For this research, my laboratory will extensively use advanced proteomics, biochemical, genomic and molecular biology techniques to elucidate molecular mechanism of cancer metastasis. During my master’s degree training in Medical Biology at the University of Linkoping, I gained proficiency with an array of molecular biology techniques to study the underlying biology of disease. My interest in disease biology led me to pursue graduate work studying the role and mechanism of BRK in tumorigenesis. I carried out my doctoral training in the laboratory of Dr. Kiven E. Lukong at the University of Saskatchewan, Canada.
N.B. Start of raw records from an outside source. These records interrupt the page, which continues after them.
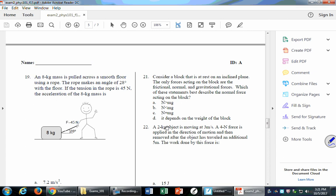A block rests on an inclined plane with frictional, normal, and gravitational forces. On a flat surface the normal force equals the weight, but on an inclined plane only a component of the weight gives the normal force — so N is less than Mg. The normal force equals Mg times sin(90 − θ), which is a useful thing to remember, especially for MCAT.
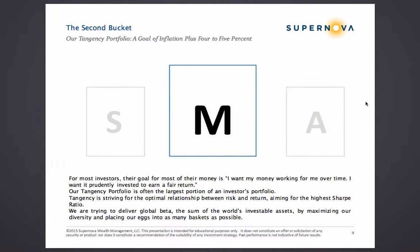We are trying to deliver a global beta — the sum of the world's investable assets — by maximizing our diversity and placing our eggs into as many baskets as possible.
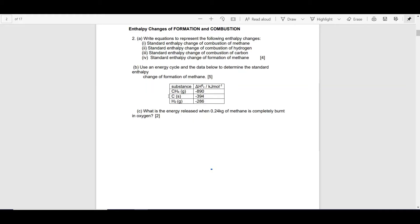Hello and welcome to ChemCracker. Today we are looking at calculating enthalpy change of formation using enthalpy change of combustion data.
During my postdoctoral training (Washburn Lab, Stowers Institute for Medical Research, Kansas City, MO), I combined my new and prior skills, and have carved out a unique interdisciplinary research program that has uncovered unprecedented opportunities to study BRK regulating TGF-β/SMAD signaling in metastatic breast cancer. I took a “systems-wide” interrogation approach for studying signaling networks using advanced chemical proteomic, biochemical, and genomic techniques to uncover molecular biology of tumorigenesis. I demonstrated that activated BRK directly interacts with and phosphorylates SMAD4 and causes proteasomal degradation to repress tumor suppressor gene FRK and to increase expression of the mesenchymal markers SNAIL and SLUG and published in Science Advance (https://pubmed.ncbi.nlm.nih.gov/31681835/). This research on BRK and TGF-β signaling that I conducted at Stowers led to my interest in synthesis of BRK-PROTAC to deplete BRK to tackle TNBC what I will pursue here at UAMS.